While welcoming the international efforts for ending the Afghanistan civil war, he said: “We see that some may be driven by a sense of an urgency with timelines which are, perhaps, not intrinsic to the needs of the Afghan people.”
He also warned that terrorist organisations cannot be allowed to negotiate from a position strength that is guaranteed to them by the sanctuaries given to them by Pakistan.
Akbaruddin, however, diplomatically did not name the US or Pakistan, but his message to them was clear.
“As the way forward is chalked out, we cannot ignore that groups enjoying support and safe havens carry out violent and terrorist activities from across borders,” he said. “They cannot be allowed to negotiate from a place of advantage.”
“The sanctuaries and safe havens provided to terror networks have to be addressed for genuine and sustainable peace. The terrorist activities of the Taliban, Haqqani Network, Islamic State (IS), as well as Al Qaeda and its proscribed affiliates, including the Lashkar-e-Taiba and Jaish-e-Mohammed, need to end.”
Washington has been trying to forge a peace deal with the Taliban so that US President Donald Trump can keep his election promise of ending American involvement in Afghanistan and bringing the troops home as the campaign for next year’s election heats up.
The pace of negotiations have accelerated recently and a key round of negotiations between the Taliban leaders and Zalmay Khalilzad, the US Special Representative for Afghanistan Reconciliation, is scheduled to start this week in Doha.
The two sides appeared to dispute the interpretations of what they have agreed so far on US troop withdrawal. The Taliban negotiators’ spokesperson was reported to have tweeted on Tuesday that the US had agreed to pull out its troops.

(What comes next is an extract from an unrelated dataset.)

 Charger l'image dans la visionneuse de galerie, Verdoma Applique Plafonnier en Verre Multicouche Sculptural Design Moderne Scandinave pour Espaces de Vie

But Khalilzad clarified in a tweet that the US sought “a comprehensive peace agreement, not a withdrawal agreement”.
Troop withdrawal is only one part of a comprehensive peace agreement, which would inlcude counter-terrorism assurances, intra-Afghan negotiations that lead to a political settlement, and a comprehensive and permanent ceasefire, he explained in another tweet.
Khalilzad visited India last month for consultations with Indian officials on the negotiations.
Speaking at the Security Council, Rodney Hunter, the political coordinator at the US Mission, said: “The US has made clear to the Taliban that we are prepared to reduce our forces; however, we have not agreed to numbers or a timeline with the Taliban.”
For any peace agreement to go into force, despite the US need for speed, the Afghanistan government has to directly negotiate with the Taliban. This was emphasised at the Security Council by Tadamichi Yamamoto, the UN Special Representative for Afghanistan.
“The common message to the Taliban is clear: come to the table and negotiate directly with the Afghan Government,” he said.
“All parties agree that finalising a US-Taliban understanding on terrorism and the foreign troop presence will open the door for intra-Afghan dialogue and negotiations.”